### The problem
The answer is all of the entries below, repeated exactly and free of pictures.

### Material for this task
#####

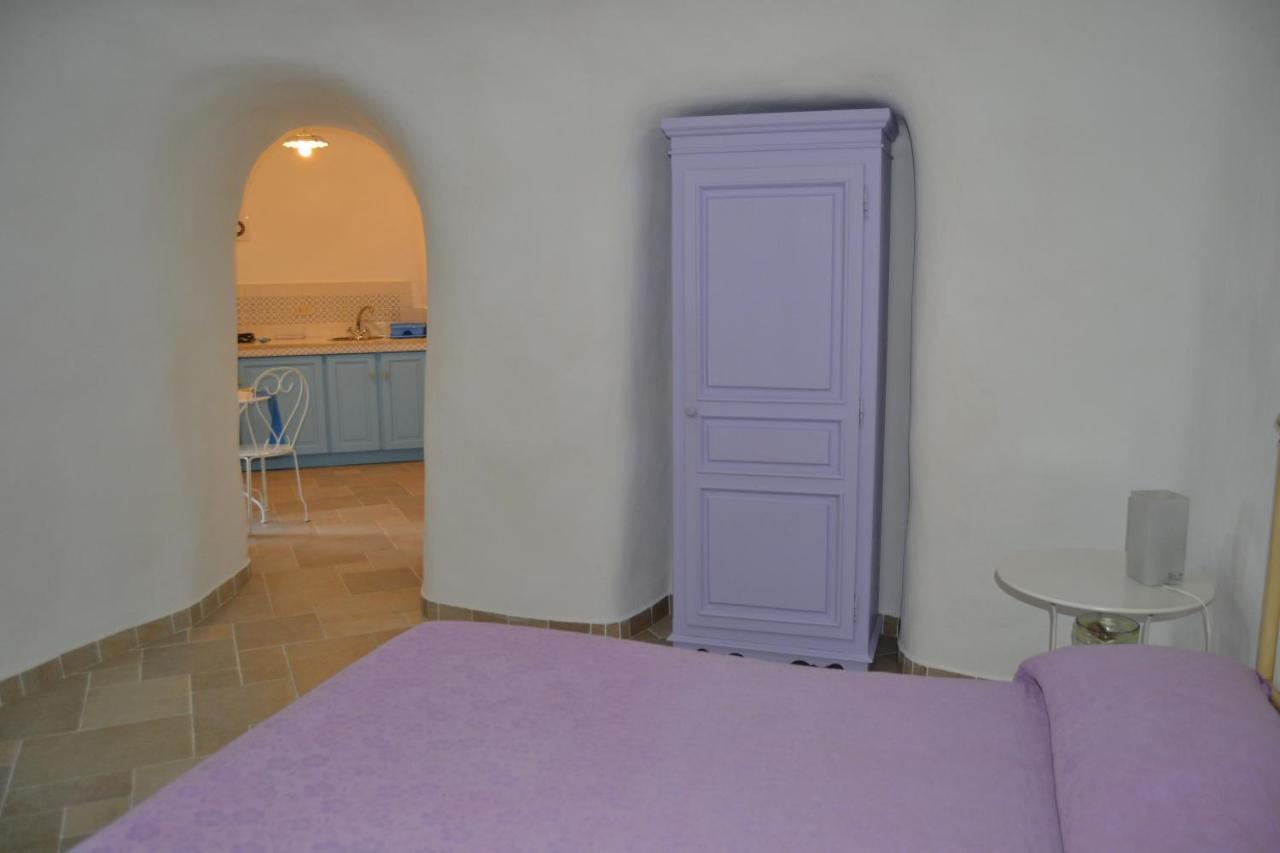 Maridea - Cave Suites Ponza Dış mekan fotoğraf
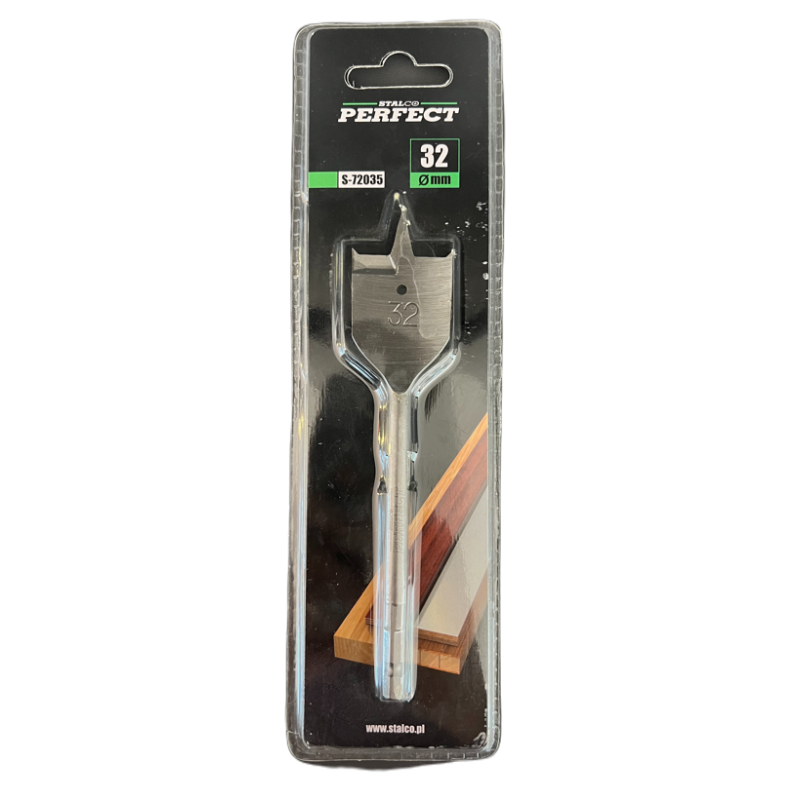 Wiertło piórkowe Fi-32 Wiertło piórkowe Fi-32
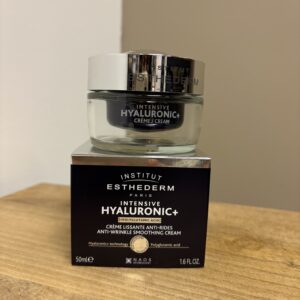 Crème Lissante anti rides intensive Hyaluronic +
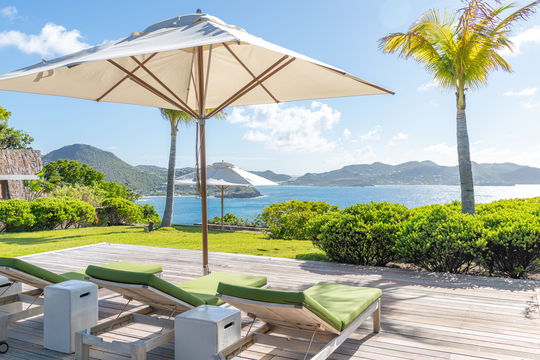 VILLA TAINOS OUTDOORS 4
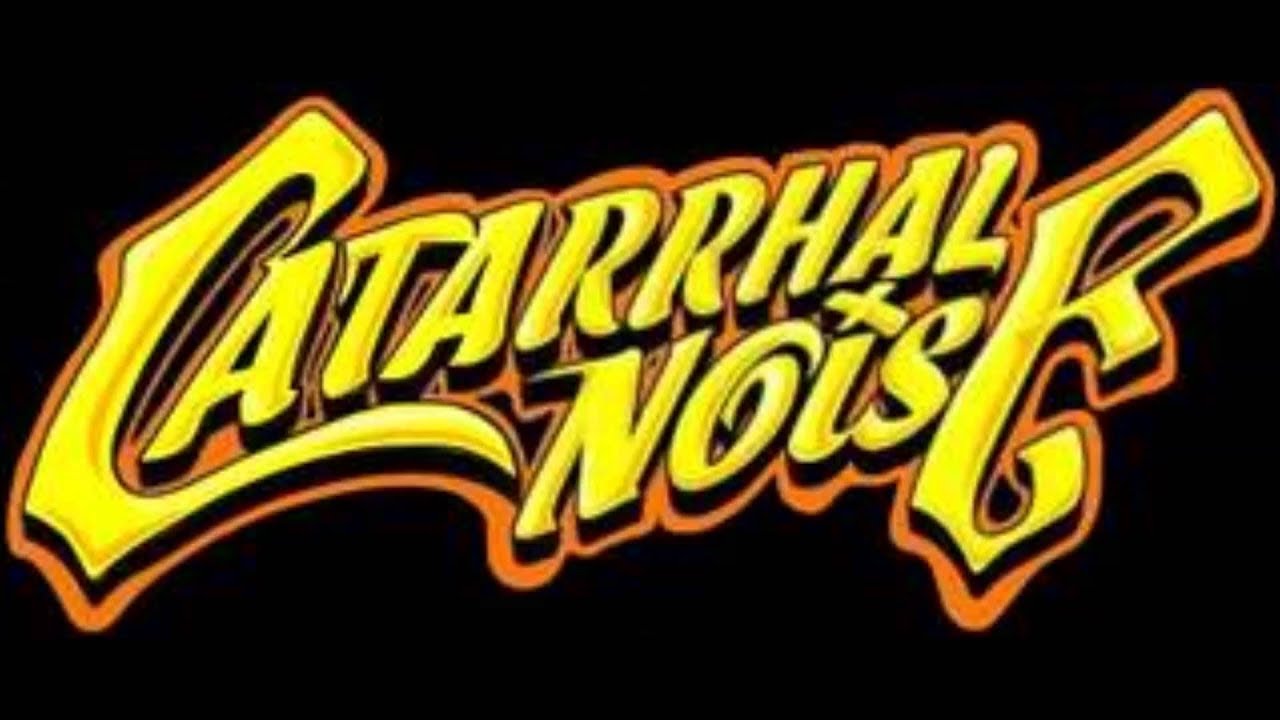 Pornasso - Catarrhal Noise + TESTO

#####

### The completed task
 Maridea - Cave Suites Ponza Dış mekan fotoğraf
 Wiertło piórkowe Fi-32 Wiertło piórkowe Fi-32
 Crème Lissante anti rides intensive Hyaluronic +
 VILLA TAINOS OUTDOORS 4
 Pornasso - Catarrhal Noise + TESTO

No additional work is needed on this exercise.